Fred Dekker’s The Monster Squad (1987) comes across as if a 10 year-old was asked to write down their idea of a perfect horror film. While that might sound like an insult, I really mean it in the best way possible. The film captures a spirit of adolescent adventure, the kind of fantastical story that reminds you of your own childhood imaginings. It’s like The Goonies (1985), only for the horror set.
Our story centers on a small group of kids who obsess over monsters, even forming their own club dedicated to discussing all things creepy. Meanwhile, strange occurrences begin taking place around their small town. As it turns out, Dracula, along with several other classic monsters, are plotting to take over the world. Since no adults believe that monsters are on the loose, the kids must put their knowledge of monsters to the test and stand up as a last line of defense to save the world.
If that plot synopsis seems overly simple and generic, it probably is. The biggest problems I found with this film mostly come from the running time. At 82 minutes, the story feels rushed, leaving many aspects of the film coming off as underdeveloped. We are introduced to these kids, but never really get to know them that well. And the evil plot of the monsters, involving the retrieval of an ancient amulet, is paper thin. At times, it feels as if scenes have been removed in order to pick up the pace (which could very well be the situation). Fortunately, details like these don’t completely derail the film as its charms outweigh these issues.
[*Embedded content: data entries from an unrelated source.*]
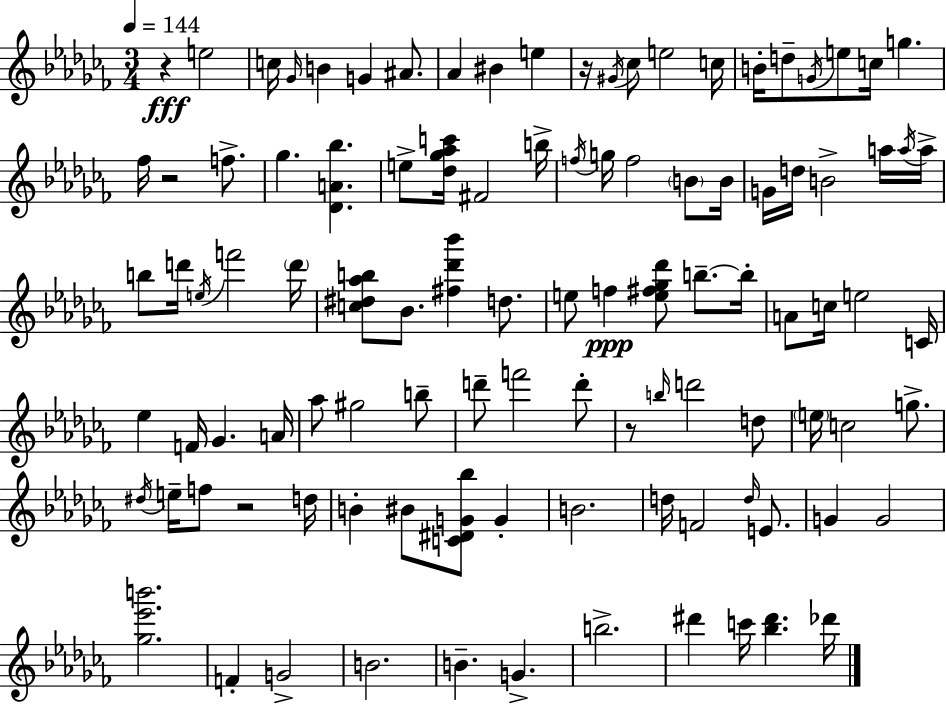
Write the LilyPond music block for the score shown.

{
  \clef treble
  \numericTimeSignature
  \time 3/4
  \key aes \minor
  \tempo 4 = 144
  r4\fff e''2 | c''16 \grace { ges'16 } b'4 g'4 ais'8. | aes'4 bis'4 e''4 | r16 \acciaccatura { gis'16 } ces''8 e''2 | \break c''16 b'16-. d''8-- \acciaccatura { g'16 } e''8 c''16 g''4. | fes''16 r2 | f''8.-> ges''4. <des' a' bes''>4. | e''8-> <des'' ges'' aes'' c'''>16 fis'2 | \break b''16-> \acciaccatura { f''16 } g''16 f''2 | \parenthesize b'8 b'16 g'16 d''16 b'2-> | a''16 \acciaccatura { a''16 } a''16-> b''8 d'''16 \acciaccatura { e''16 } f'''2 | \parenthesize d'''16 <c'' dis'' aes'' b''>8 bes'8. <fis'' des''' bes'''>4 | \break d''8. e''8 f''4\ppp | <e'' fis'' ges'' des'''>8 b''8.--~~ b''16-. a'8 c''16 e''2 | c'16 ees''4 f'16 ges'4. | a'16 aes''8 gis''2 | \break b''8-- d'''8-- f'''2 | d'''8-. r8 \grace { b''16 } d'''2 | d''8 \parenthesize e''16 c''2 | g''8.-> \acciaccatura { dis''16 } e''16-- f''8 r2 | \break d''16 b'4-. | bis'8 <c' dis' g' bes''>8 g'4-. b'2. | d''16 f'2 | \grace { d''16 } e'8. g'4 | \break g'2 <ges'' ees''' b'''>2. | f'4-. | g'2-> b'2. | b'4.-- | \break g'4.-> b''2.-> | dis'''4 | c'''16 <bes'' dis'''>4. des'''16 \bar "|."
}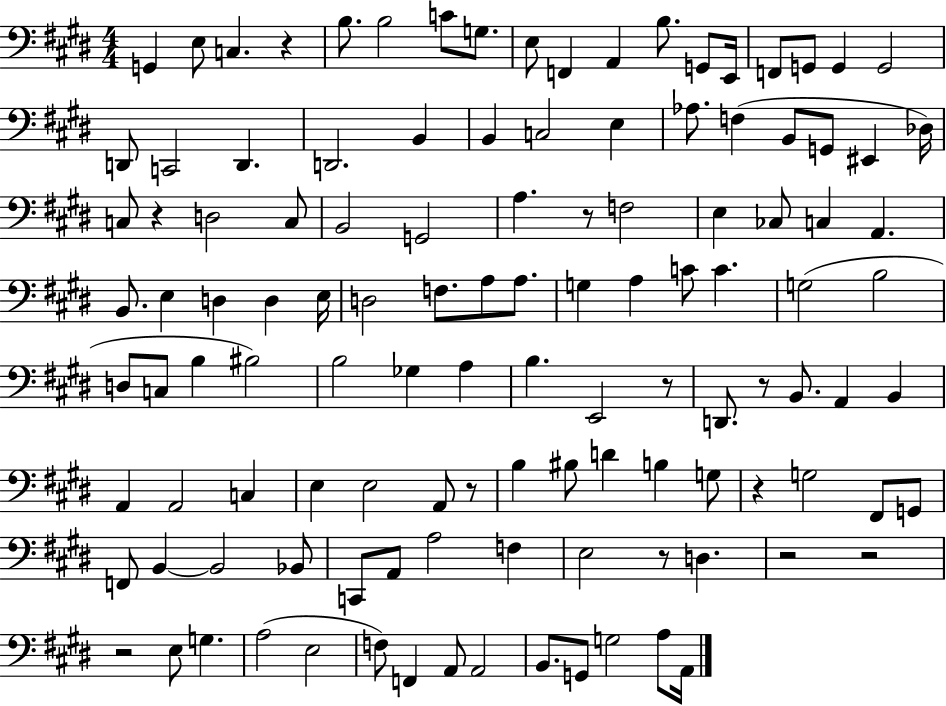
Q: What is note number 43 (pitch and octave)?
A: B2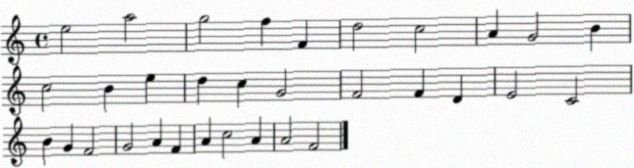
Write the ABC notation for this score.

X:1
T:Untitled
M:4/4
L:1/4
K:C
e2 a2 g2 f F d2 c2 A G2 B c2 B e d c G2 F2 F D E2 C2 B G F2 G2 A F A c2 A A2 F2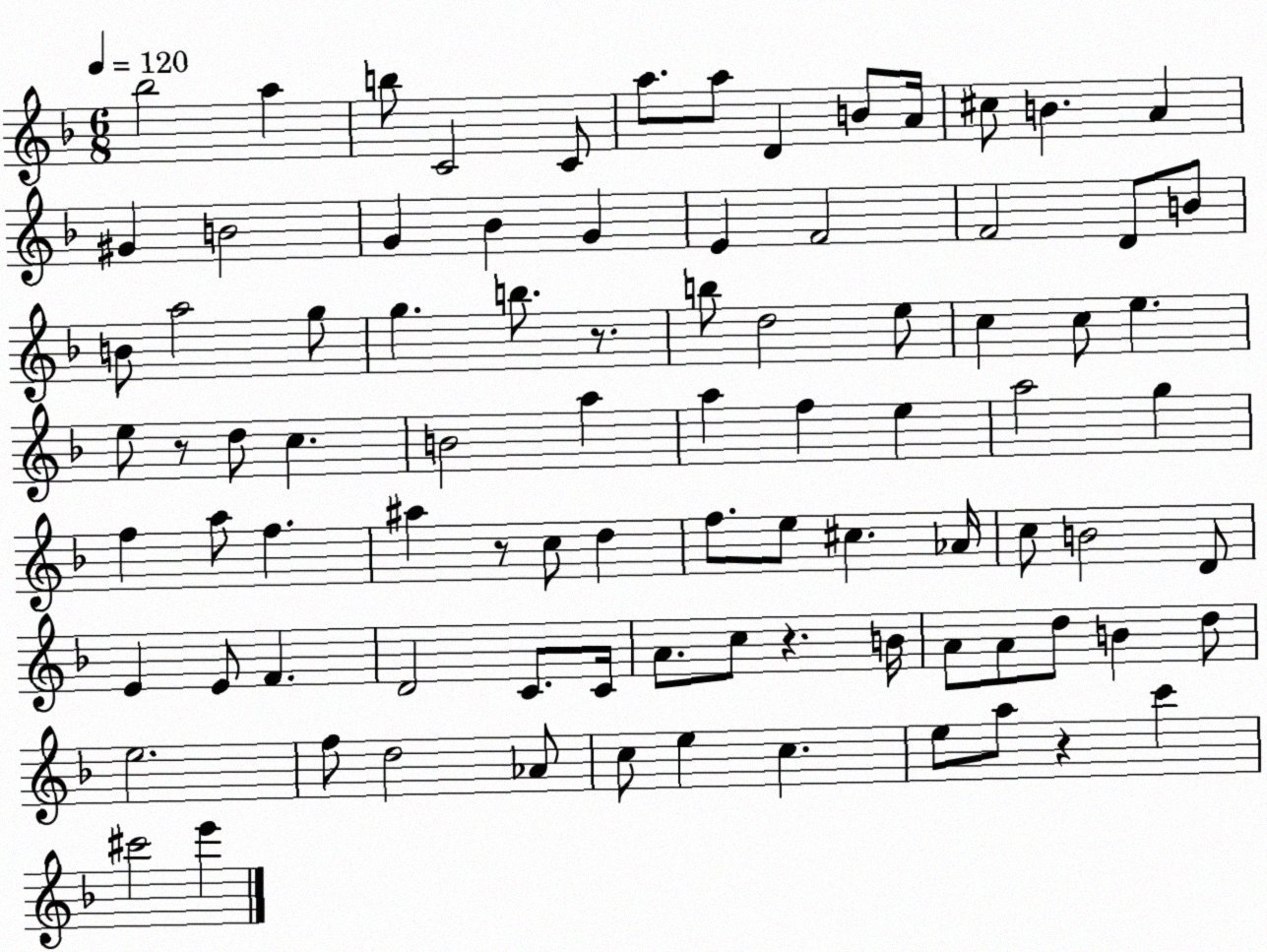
X:1
T:Untitled
M:6/8
L:1/4
K:F
_b2 a b/2 C2 C/2 a/2 a/2 D B/2 A/4 ^c/2 B A ^G B2 G _B G E F2 F2 D/2 B/2 B/2 a2 g/2 g b/2 z/2 b/2 d2 e/2 c c/2 e e/2 z/2 d/2 c B2 a a f e a2 g f a/2 f ^a z/2 c/2 d f/2 e/2 ^c _A/4 c/2 B2 D/2 E E/2 F D2 C/2 C/4 A/2 c/2 z B/4 A/2 A/2 d/2 B d/2 e2 f/2 d2 _A/2 c/2 e c e/2 a/2 z c' ^c'2 e'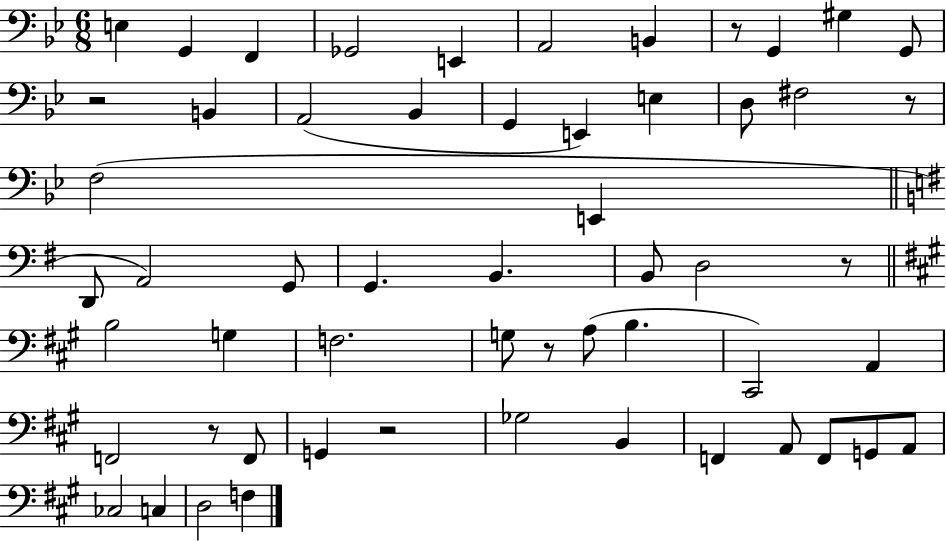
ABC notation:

X:1
T:Untitled
M:6/8
L:1/4
K:Bb
E, G,, F,, _G,,2 E,, A,,2 B,, z/2 G,, ^G, G,,/2 z2 B,, A,,2 _B,, G,, E,, E, D,/2 ^F,2 z/2 F,2 E,, D,,/2 A,,2 G,,/2 G,, B,, B,,/2 D,2 z/2 B,2 G, F,2 G,/2 z/2 A,/2 B, ^C,,2 A,, F,,2 z/2 F,,/2 G,, z2 _G,2 B,, F,, A,,/2 F,,/2 G,,/2 A,,/2 _C,2 C, D,2 F,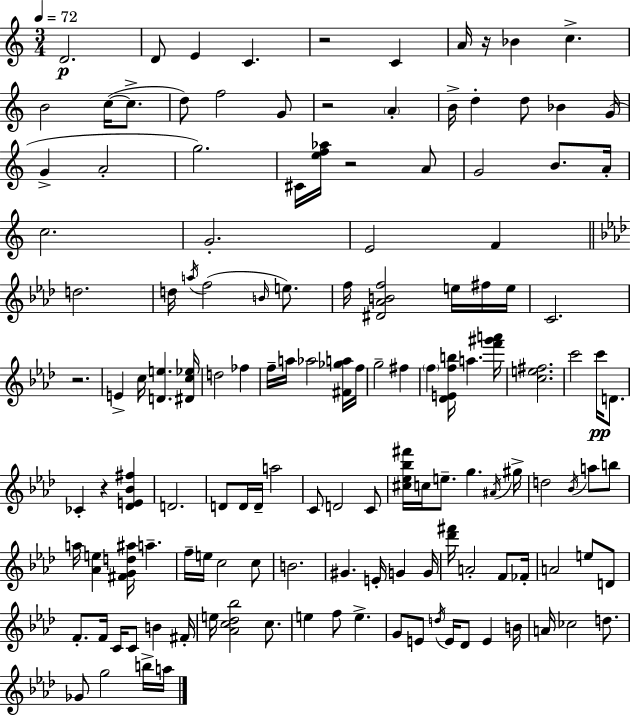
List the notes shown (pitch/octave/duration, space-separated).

D4/h. D4/e E4/q C4/q. R/h C4/q A4/s R/s Bb4/q C5/q. B4/h C5/s C5/e. D5/e F5/h G4/e R/h A4/q B4/s D5/q D5/e Bb4/q G4/s G4/q A4/h G5/h. C#4/s [E5,F5,Ab5]/s R/h A4/e G4/h B4/e. A4/s C5/h. G4/h. E4/h F4/q D5/h. D5/s A5/s F5/h B4/s E5/e. F5/s [D#4,Ab4,B4,F5]/h E5/s F#5/s E5/s C4/h. R/h. E4/q C5/s [D4,E5]/q. [D#4,C5,Eb5]/s D5/h FES5/q F5/s A5/s Ab5/h [F#4,Gb5,A5]/s F5/s G5/h F#5/q F5/q [Db4,E4,F5,B5]/s A5/q. [F6,G#6,A6]/s [C5,E5,F#5]/h. C6/h C6/s D4/e. CES4/q R/q [Db4,E4,Bb4,F#5]/q D4/h. D4/e D4/s D4/s A5/h C4/e D4/h C4/e [C#5,Eb5,Bb5,F#6]/s C5/s E5/e. G5/q. A#4/s G#5/s D5/h Bb4/s A5/e B5/e A5/s [Ab4,E5]/q [F#4,G4,D5,A#5]/s A5/q. F5/s E5/s C5/h C5/e B4/h. G#4/q. E4/s G4/q G4/s [Db6,F#6]/s A4/h F4/e FES4/s A4/h E5/e D4/e F4/e. F4/s C4/s C4/e B4/q F#4/s E5/s [Ab4,C5,Db5,Bb5]/h C5/e. E5/q F5/e E5/q. G4/e E4/e D5/s E4/s Db4/e E4/q B4/s A4/s CES5/h D5/e. Gb4/e G5/h B5/s A5/s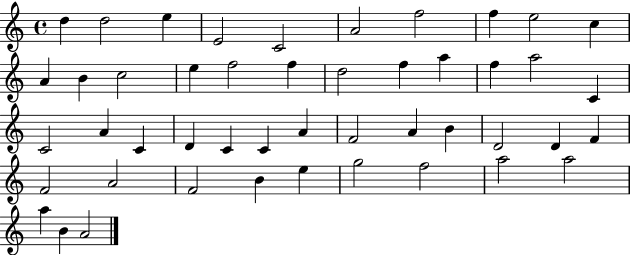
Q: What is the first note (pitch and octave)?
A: D5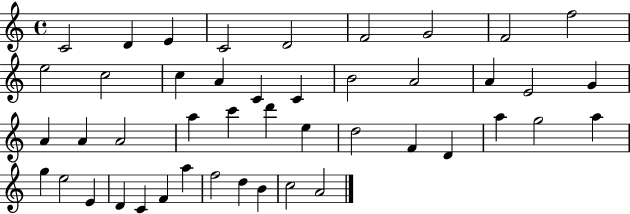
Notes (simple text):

C4/h D4/q E4/q C4/h D4/h F4/h G4/h F4/h F5/h E5/h C5/h C5/q A4/q C4/q C4/q B4/h A4/h A4/q E4/h G4/q A4/q A4/q A4/h A5/q C6/q D6/q E5/q D5/h F4/q D4/q A5/q G5/h A5/q G5/q E5/h E4/q D4/q C4/q F4/q A5/q F5/h D5/q B4/q C5/h A4/h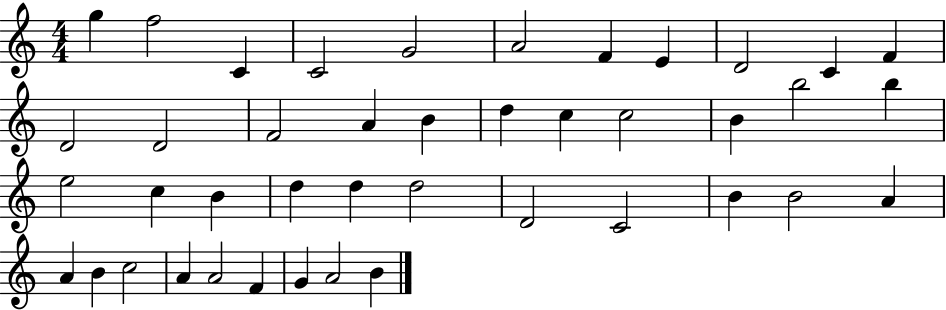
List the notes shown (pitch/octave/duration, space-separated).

G5/q F5/h C4/q C4/h G4/h A4/h F4/q E4/q D4/h C4/q F4/q D4/h D4/h F4/h A4/q B4/q D5/q C5/q C5/h B4/q B5/h B5/q E5/h C5/q B4/q D5/q D5/q D5/h D4/h C4/h B4/q B4/h A4/q A4/q B4/q C5/h A4/q A4/h F4/q G4/q A4/h B4/q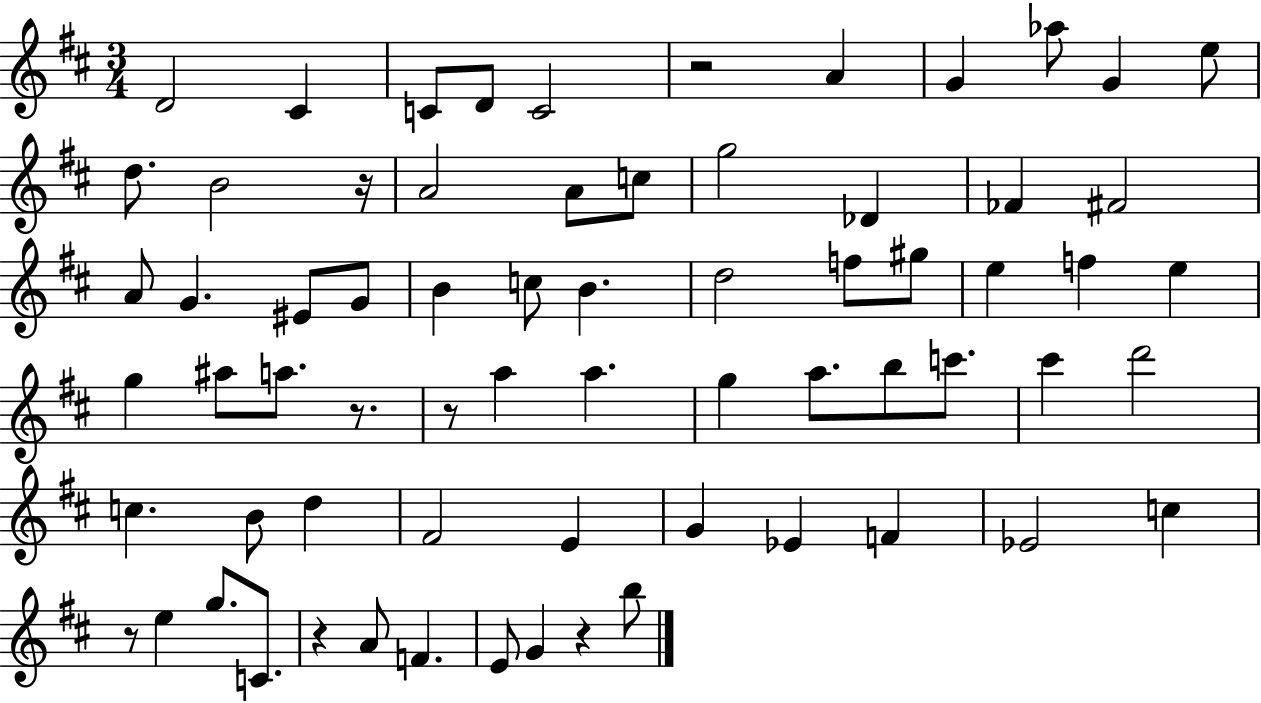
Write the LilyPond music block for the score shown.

{
  \clef treble
  \numericTimeSignature
  \time 3/4
  \key d \major
  d'2 cis'4 | c'8 d'8 c'2 | r2 a'4 | g'4 aes''8 g'4 e''8 | \break d''8. b'2 r16 | a'2 a'8 c''8 | g''2 des'4 | fes'4 fis'2 | \break a'8 g'4. eis'8 g'8 | b'4 c''8 b'4. | d''2 f''8 gis''8 | e''4 f''4 e''4 | \break g''4 ais''8 a''8. r8. | r8 a''4 a''4. | g''4 a''8. b''8 c'''8. | cis'''4 d'''2 | \break c''4. b'8 d''4 | fis'2 e'4 | g'4 ees'4 f'4 | ees'2 c''4 | \break r8 e''4 g''8. c'8. | r4 a'8 f'4. | e'8 g'4 r4 b''8 | \bar "|."
}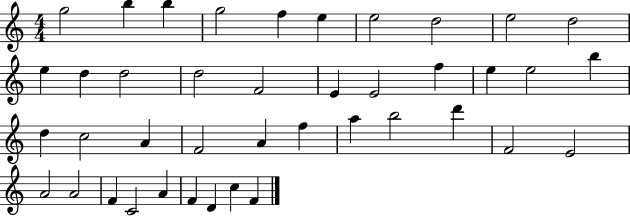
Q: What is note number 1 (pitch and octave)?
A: G5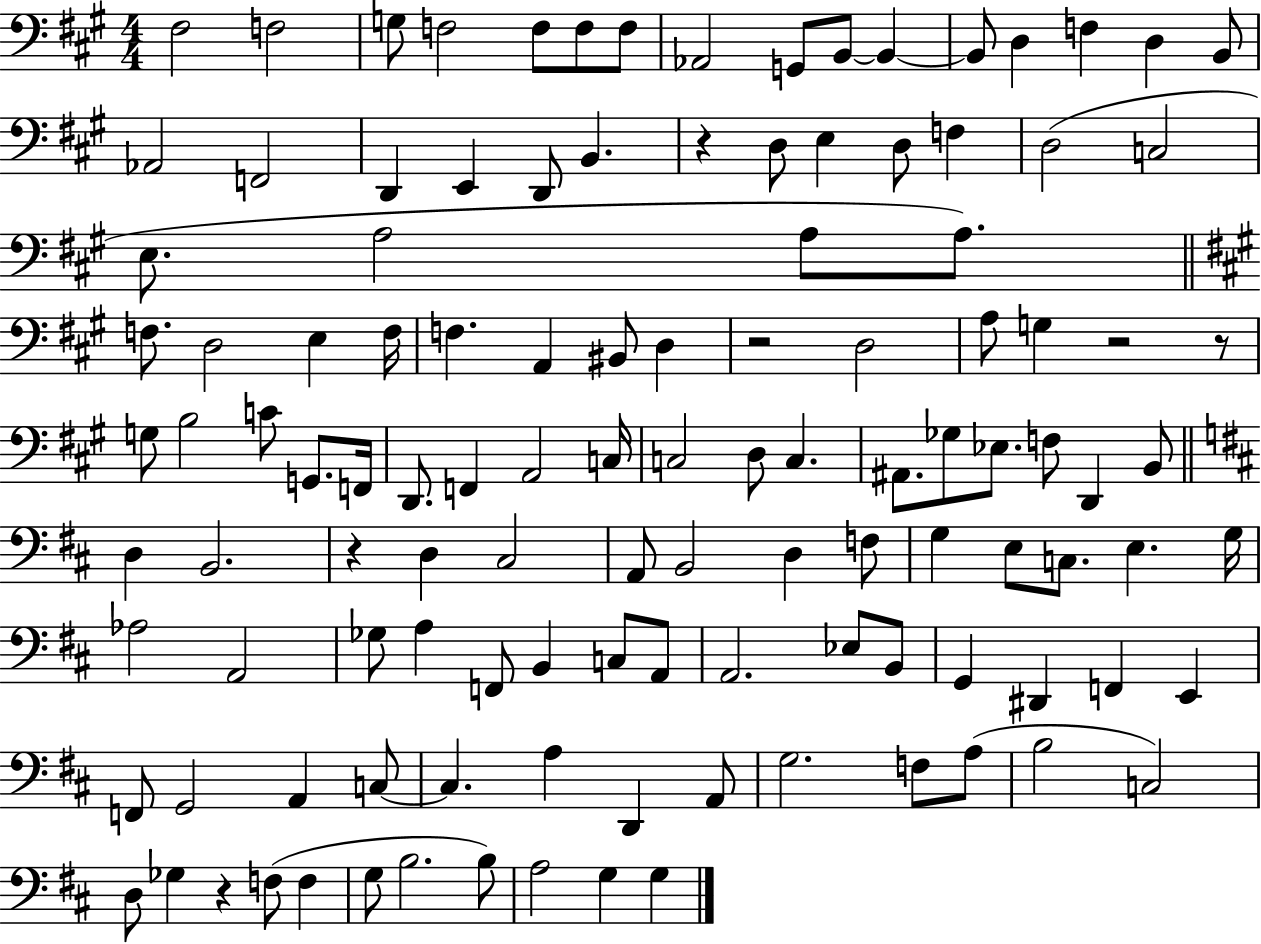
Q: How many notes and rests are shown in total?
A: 118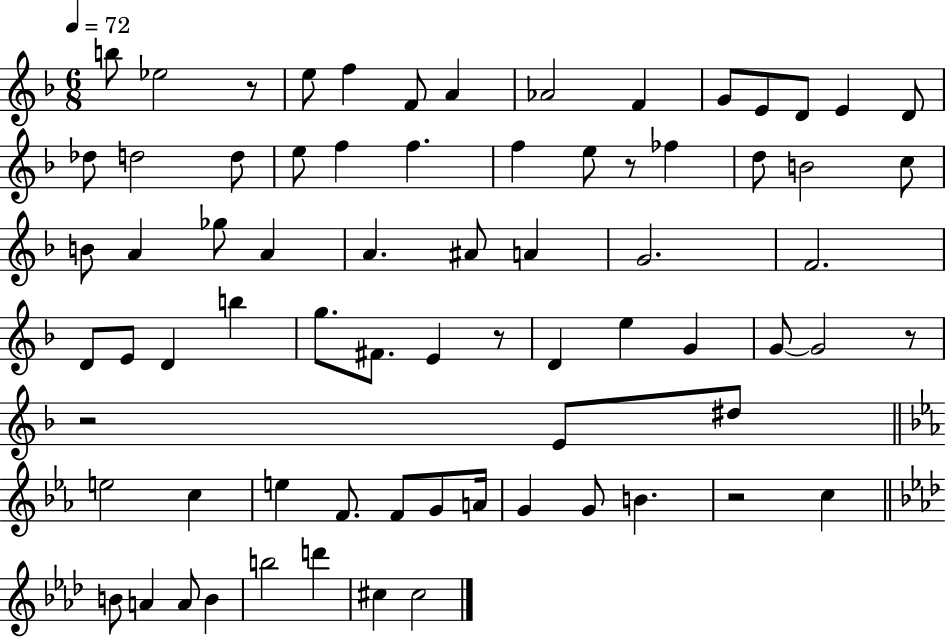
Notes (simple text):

B5/e Eb5/h R/e E5/e F5/q F4/e A4/q Ab4/h F4/q G4/e E4/e D4/e E4/q D4/e Db5/e D5/h D5/e E5/e F5/q F5/q. F5/q E5/e R/e FES5/q D5/e B4/h C5/e B4/e A4/q Gb5/e A4/q A4/q. A#4/e A4/q G4/h. F4/h. D4/e E4/e D4/q B5/q G5/e. F#4/e. E4/q R/e D4/q E5/q G4/q G4/e G4/h R/e R/h E4/e D#5/e E5/h C5/q E5/q F4/e. F4/e G4/e A4/s G4/q G4/e B4/q. R/h C5/q B4/e A4/q A4/e B4/q B5/h D6/q C#5/q C#5/h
What The Monster Squad really has going for it is the filmmaker’s obvious love for the material. Fred Dekker clearly relished the opportunity to pay homage to old-school horror films, blending them with his own sense of humor. While this may appear to be a kids film, a noticeable adult sensibility permeates throughout the proceedings. For example, one of the kids who is new to the Monster Squad inexplicably dresses like a 1950’s greaser, clearly a reference to the B-movies of the 50’s for which this film owes a great debt. While adults may understand such a reference, it would go right over kid’s heads. Many other references are scattered all over the film, with a considerable amount of fun coming from each viewer’s knowledge of horror genre conventions and watching how they are handled.
While The Monster Squad may not attain the heights of the films it affectionately sends-up, it sure is a fun time. The movie is filled with the conversations and questions that many kids have regarding monsters – some of which are played out with hilarious results (Can you really only kill a werewolf with a silver bullet?). And with its sly nods to films past, both adults and children can find something to enjoy. The overriding spirit of the movie, along with its sense of humor, sets it apart from the average scare-fest, announcing its presence as a cult-favorite.